Erasing the Opportunity Gap – Achieving Equity within School Districts

School boards and superintendents in urban and large suburban school districts sometimes distribute pivotal human, curricular and construction resources in a way that becomes unintentionally uneven, causing an opportunity gap between children living in well-off versus poor neighborhoods. School board members make one-at-a-time decisions that have long-term consequences. Among them: the number and nature of Advanced Placement courses at a given high school; assignment of principals, teachers and guidance counselors; and the age and re-conditioning of school buildings. All of these actions at first blush appear to be neutral choices. Yet, when the best resources are persistently handled in a way that favors affluent areas in a single school district, inequity becomes a repeating pattern locked in over decades. The result is an opportunity gap that finds some students receiving an inferior education simply because of their zip code.

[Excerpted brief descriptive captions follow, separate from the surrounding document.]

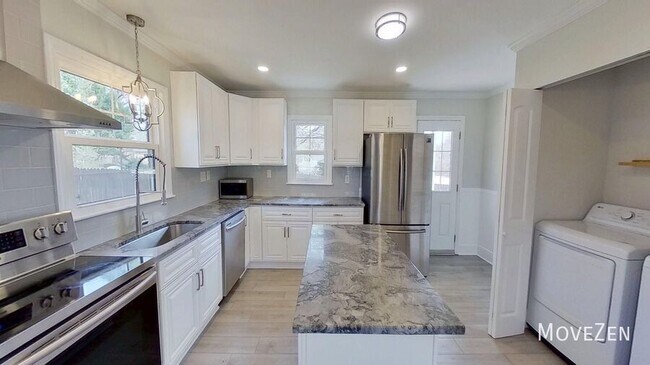 Foto del edificio - 1200 Dresden Dr W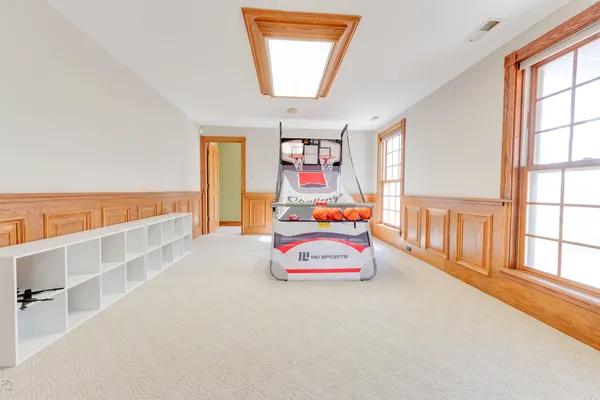 $1,150,000 | 813 Fox Glen Drive, St. Charles, IL 60174
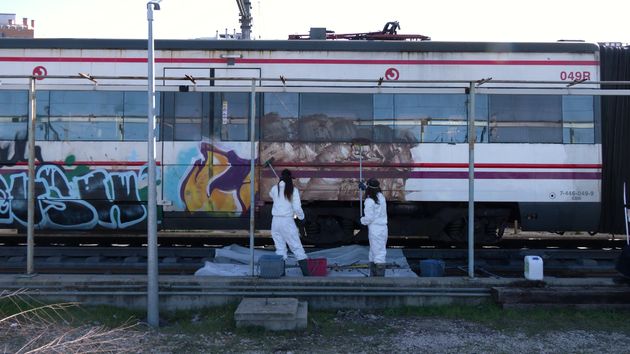 Los empleados de RENFE pasan 10.000 horas al mes de trabajo limpiando esto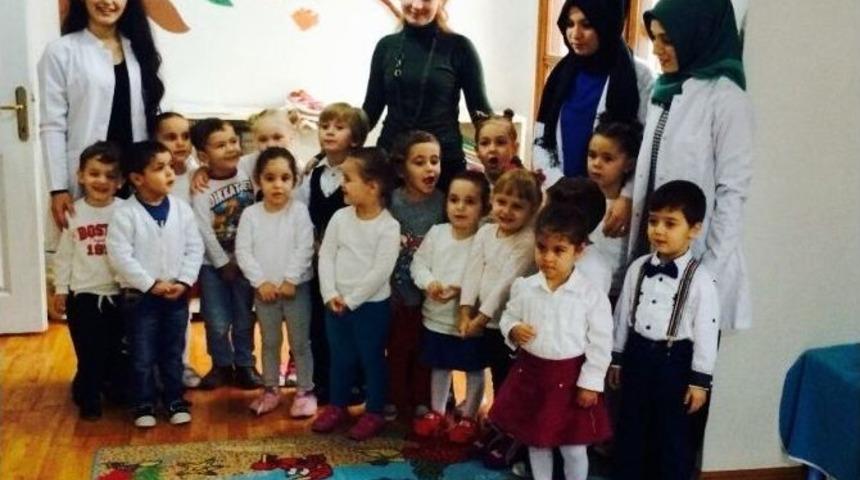 Minikler Hayatlarının İlk &Ouml;ğretmenler G&uuml;n&uuml;n&uuml; Kutladı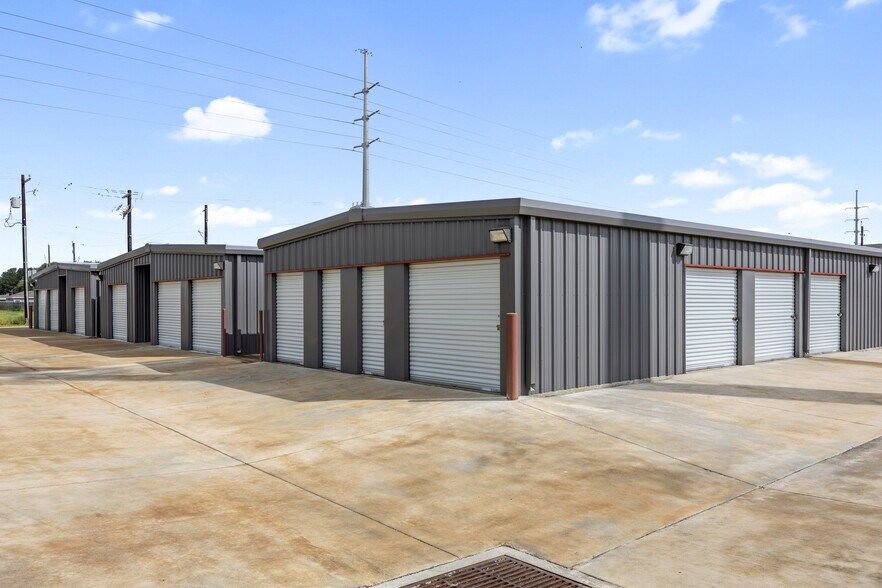 6402 Holly Rd, Corpus Christi, TX à vendre - Photo principale – Image 1 sur 7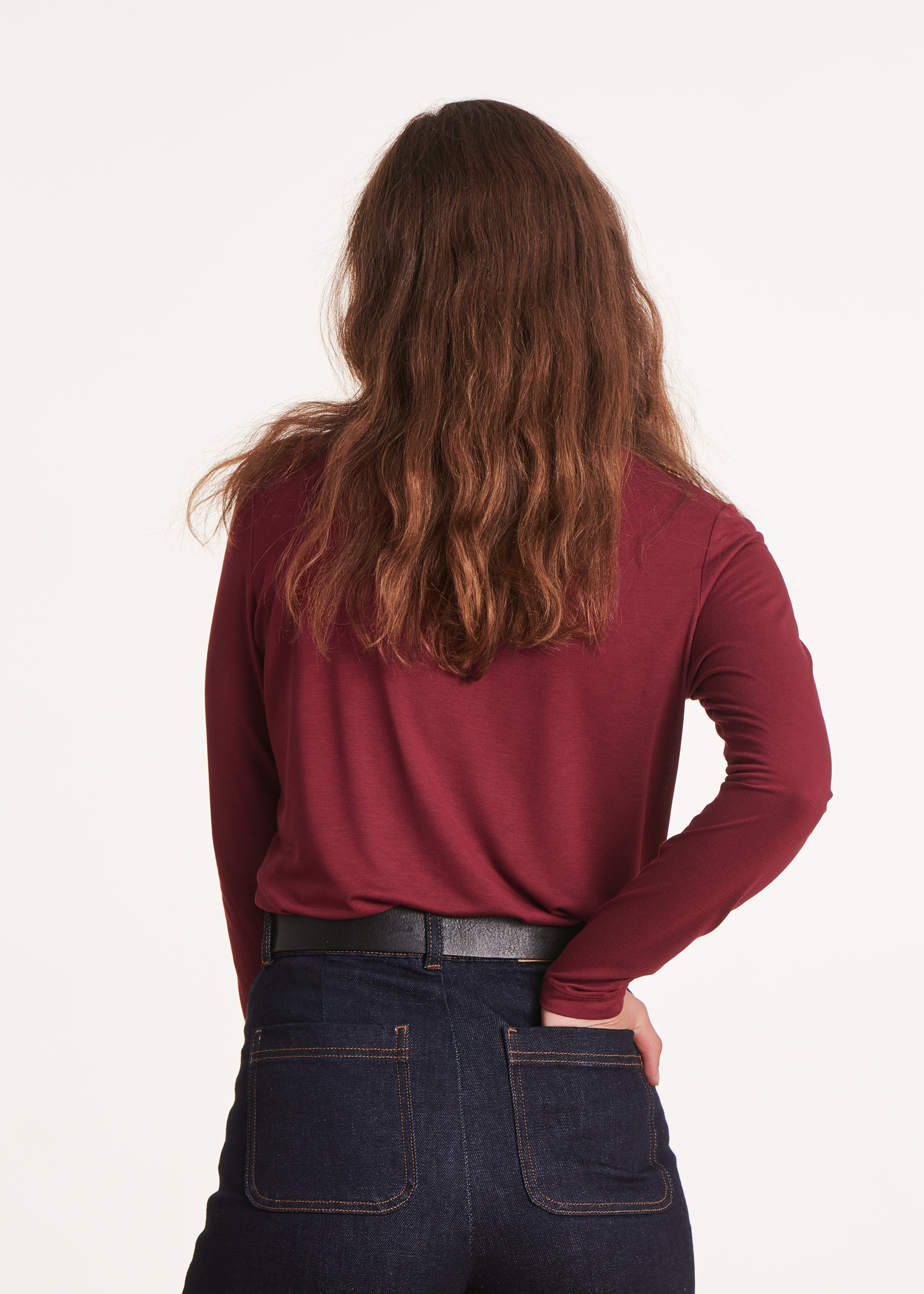 Bordeauxrotes T-Shirt mit langen Ärmeln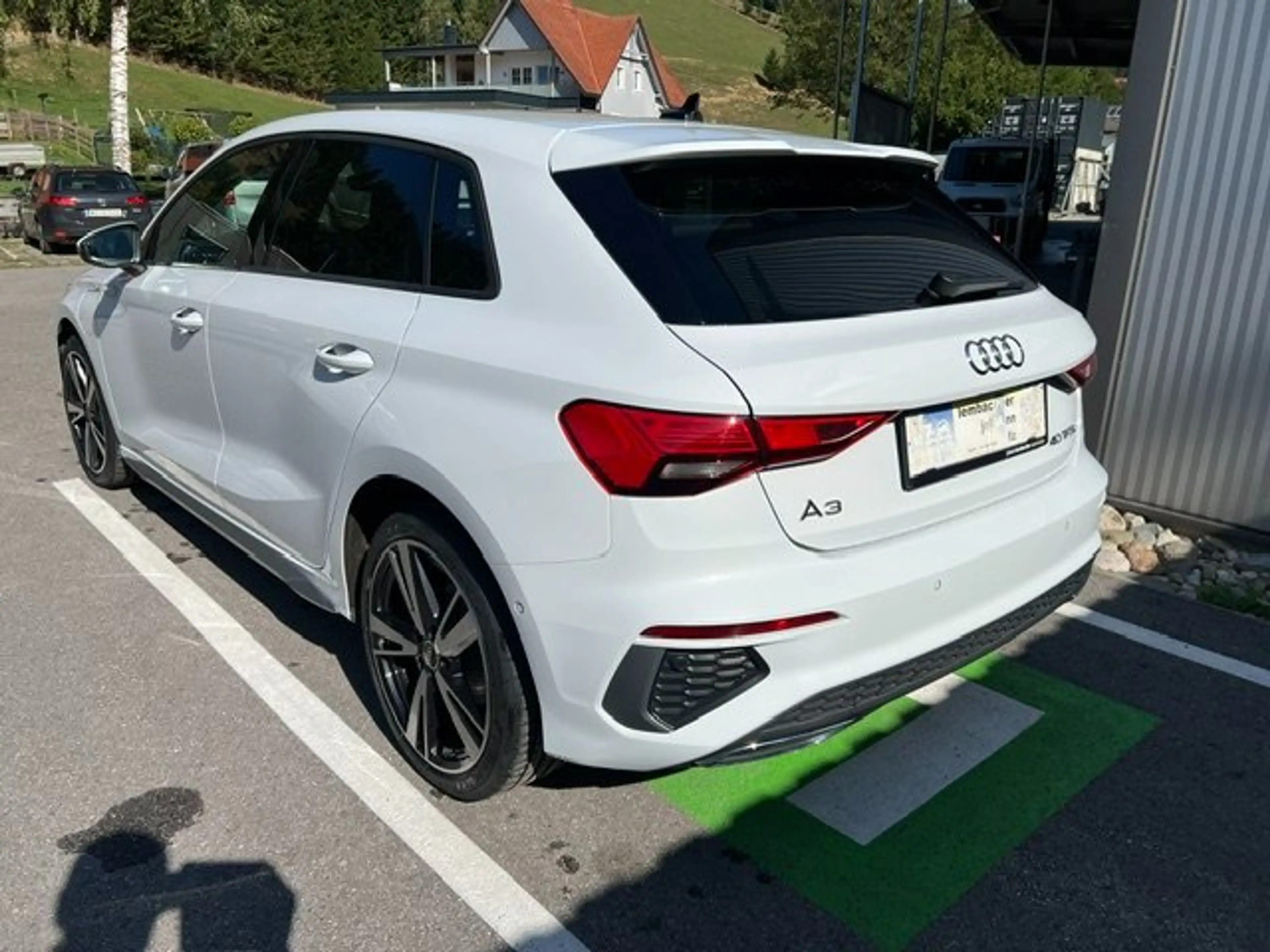 Audi A3 40 TFSI e S line — photo 5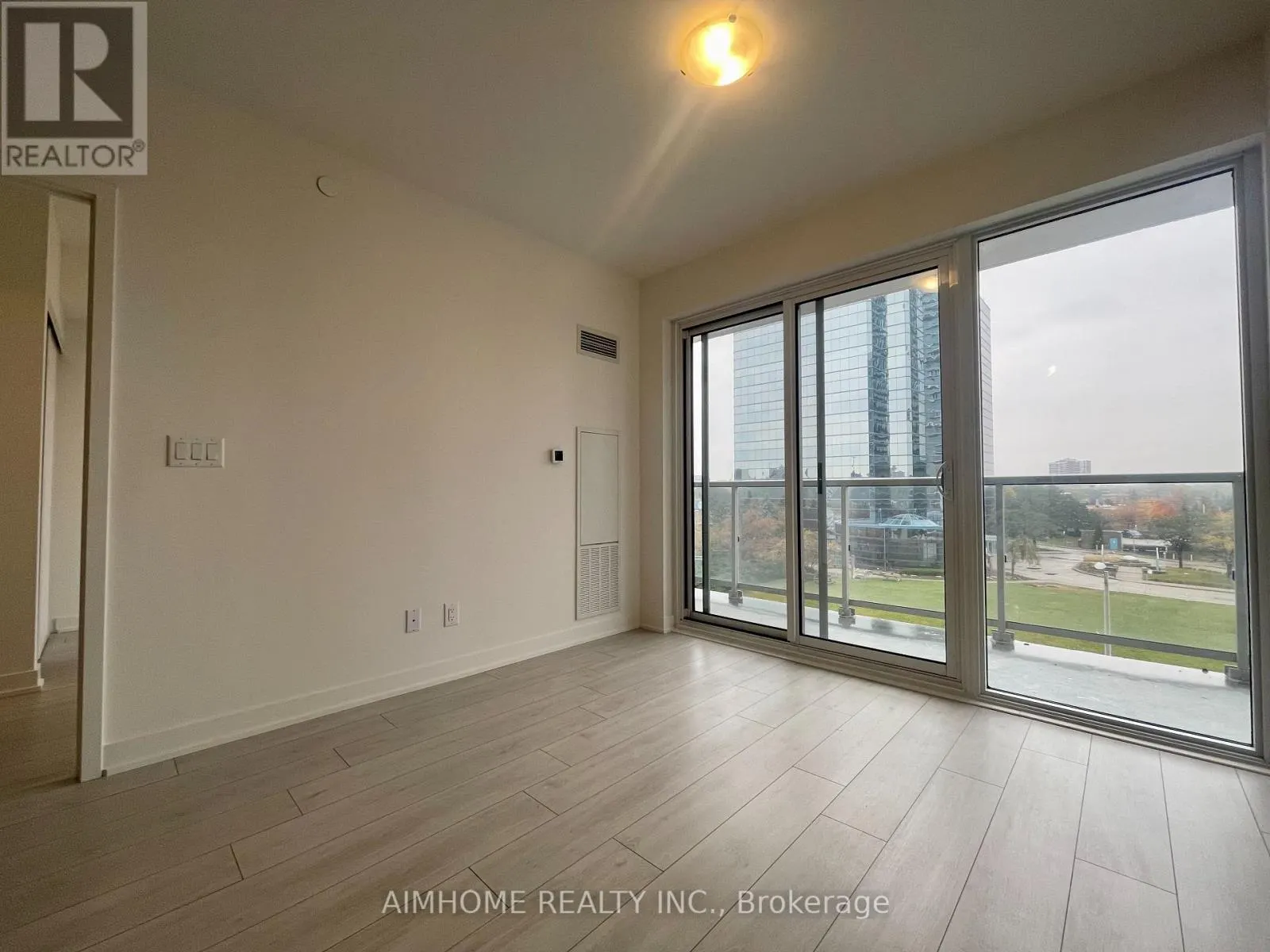 610 - 2033 KENNEDY ROAD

We will use a tool called "READ" (the Resource Equity Assessment Document), developed by national Appleseed, to assess intra-district resource equity. The project stresses the key roles of school board policies and practices, as well as school superintendent leadership, in giving all students an equal opportunity to succeed. The goal is to assess three school districts in Massachusetts, to increase transparency of school board operations and to empower citizens to advocate for resource equity in their school district. Specifically we seek to:
  • Validate the READ tool and improve it for broader use within Massachusetts;
  • To conduct an effective pilot that will serve as a model for interested school districts statewide, within the New England region and nationwide;
  • To provide Massachusetts communities with a research-based, data-rich means to raise awareness of these issues and hold conversations with their school boards about how to ensure equitable opportunity, and;
  • To provide advocacy paths for public school board members to support change within their school districts.